▶ [Information provided]:
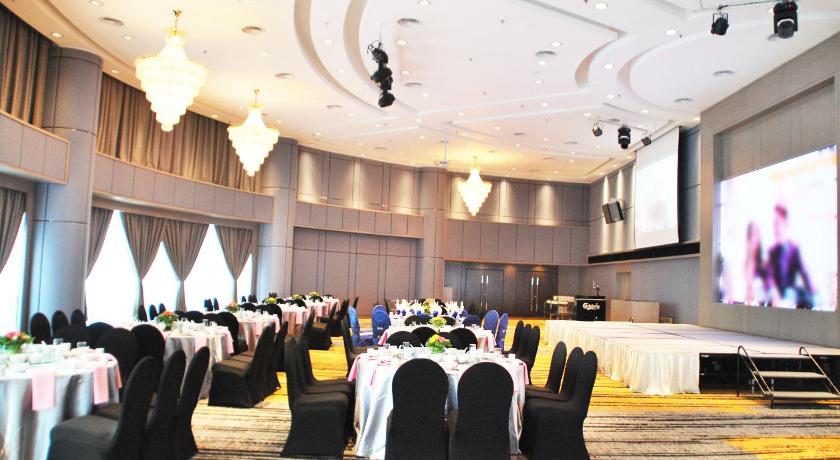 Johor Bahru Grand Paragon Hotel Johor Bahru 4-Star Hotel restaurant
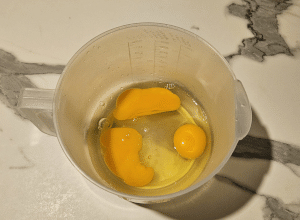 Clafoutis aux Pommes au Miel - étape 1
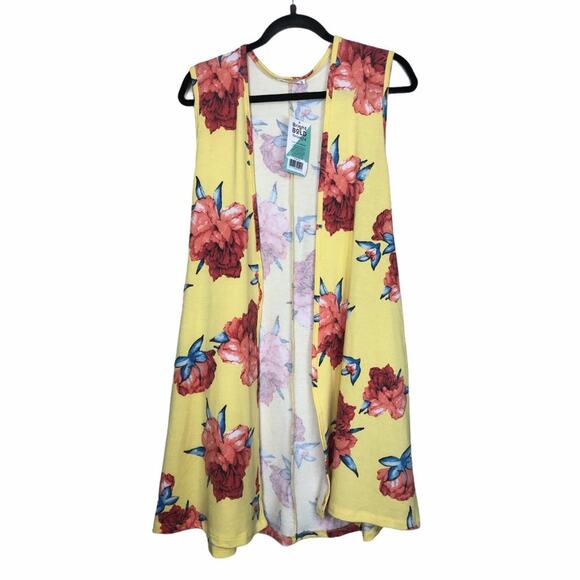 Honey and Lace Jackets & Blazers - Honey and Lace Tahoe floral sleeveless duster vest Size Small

▶ [Your goal]: Only the lines from the line with "Clafoutis aux Pommes au Miel - étape 1" through the closing line of the data, both included, should be set down, exactly as written and without pictures.

▶ [Result for this exercise]:
 Clafoutis aux Pommes au Miel - étape 1
 Honey and Lace Jackets & Blazers - Honey and Lace Tahoe floral sleeveless duster vest Size Small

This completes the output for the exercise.